# [What you have to do]
Starting with the line that holds "2022 Year of", reproduce each line through the last one of the data, exactly as written. Pictures are not copied.

--- Data records ---

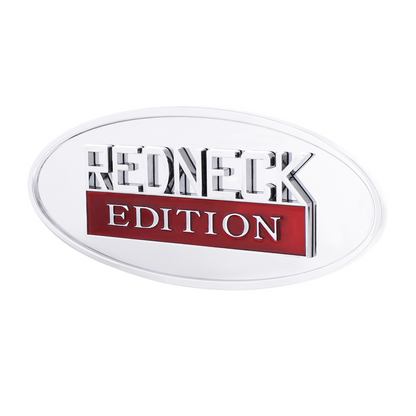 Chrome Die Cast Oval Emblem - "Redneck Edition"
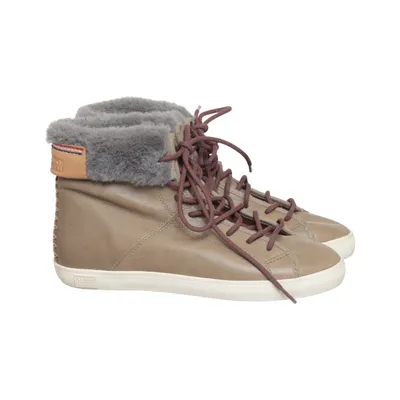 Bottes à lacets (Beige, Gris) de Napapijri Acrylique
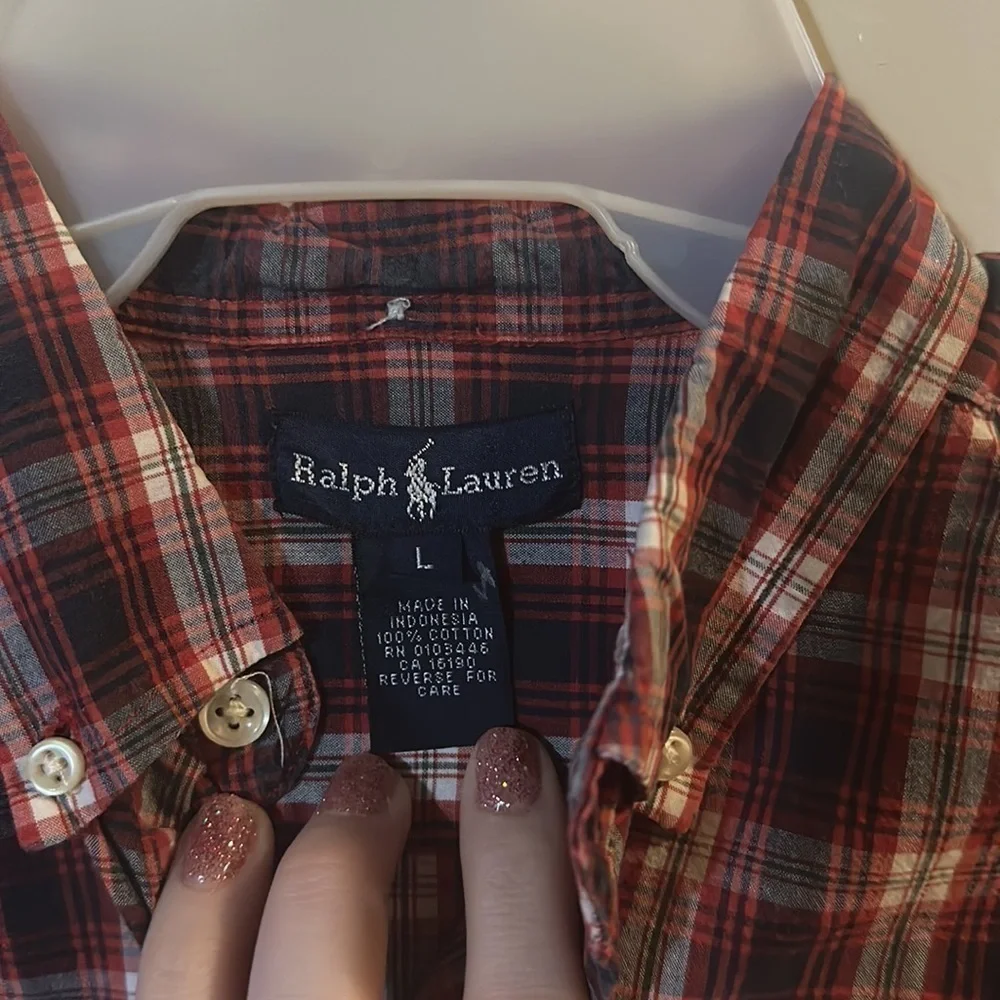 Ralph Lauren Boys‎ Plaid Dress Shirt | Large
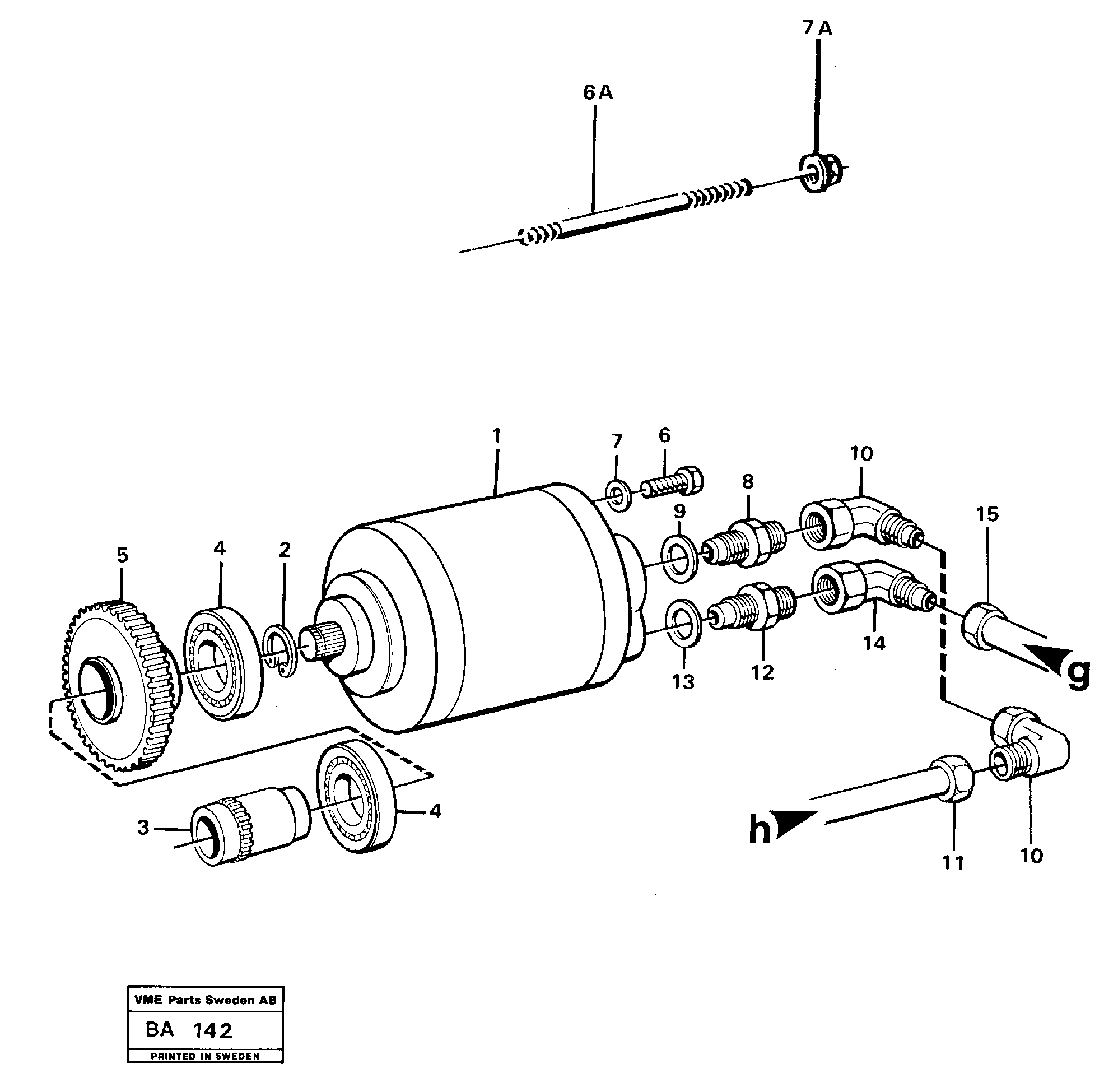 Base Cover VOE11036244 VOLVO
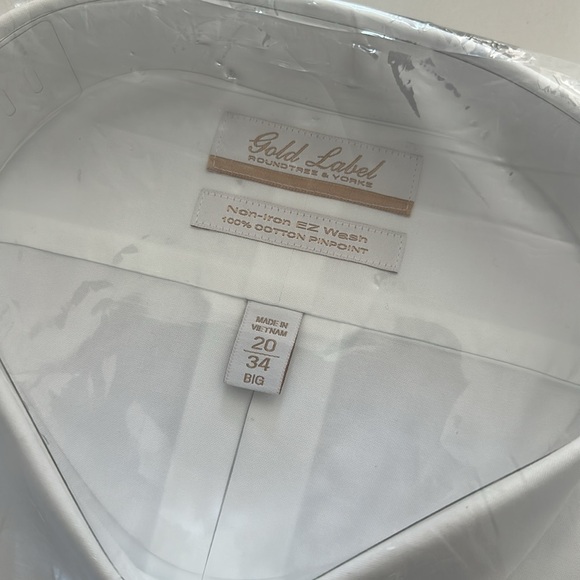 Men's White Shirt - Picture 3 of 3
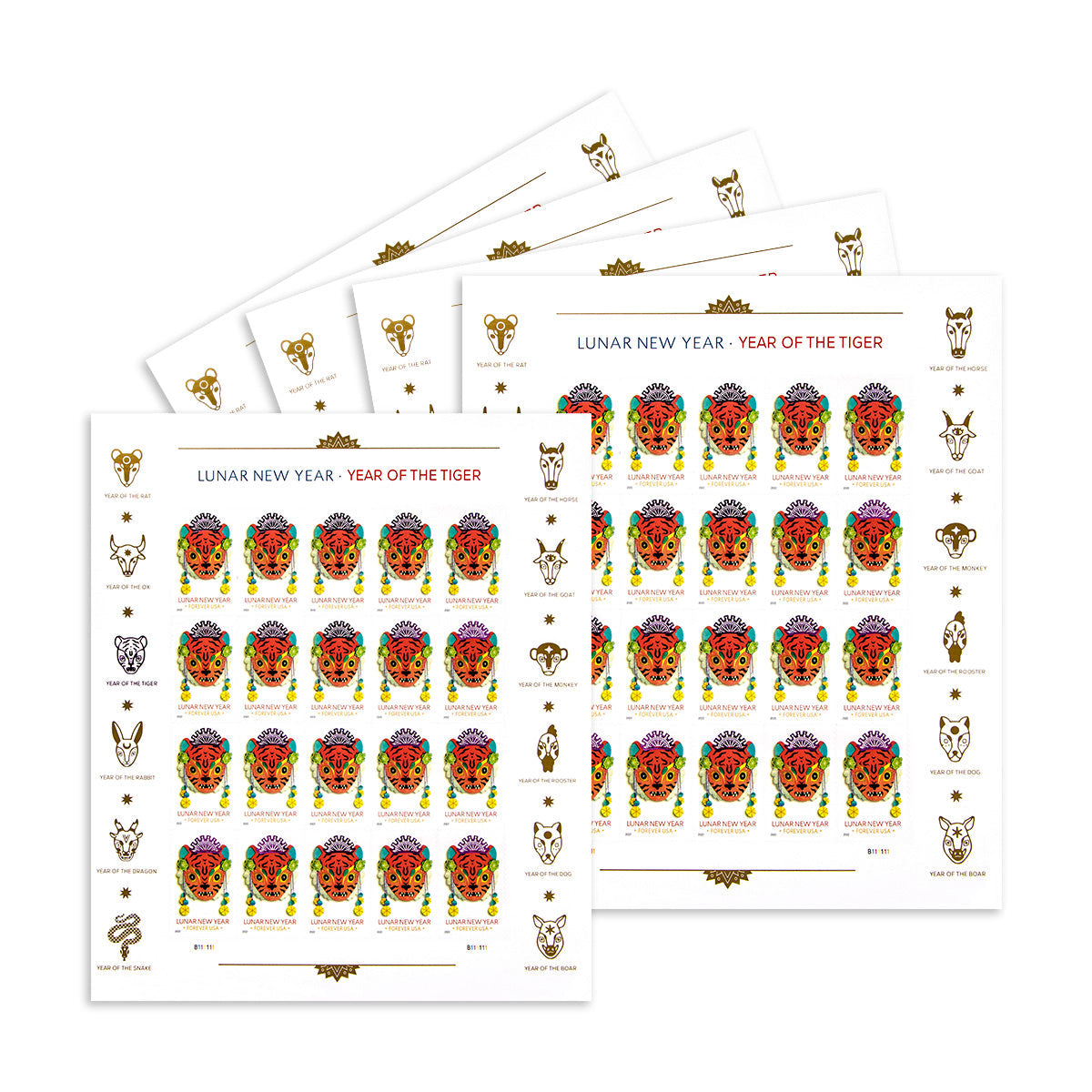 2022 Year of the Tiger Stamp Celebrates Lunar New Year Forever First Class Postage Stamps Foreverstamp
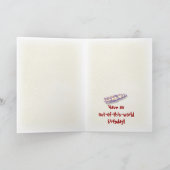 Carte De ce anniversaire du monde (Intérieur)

---

# [Result]
 2022 Year of the Tiger Stamp Celebrates Lunar New Year Forever First Class Postage Stamps Foreverstamp
 Carte De ce anniversaire du monde (Intérieur)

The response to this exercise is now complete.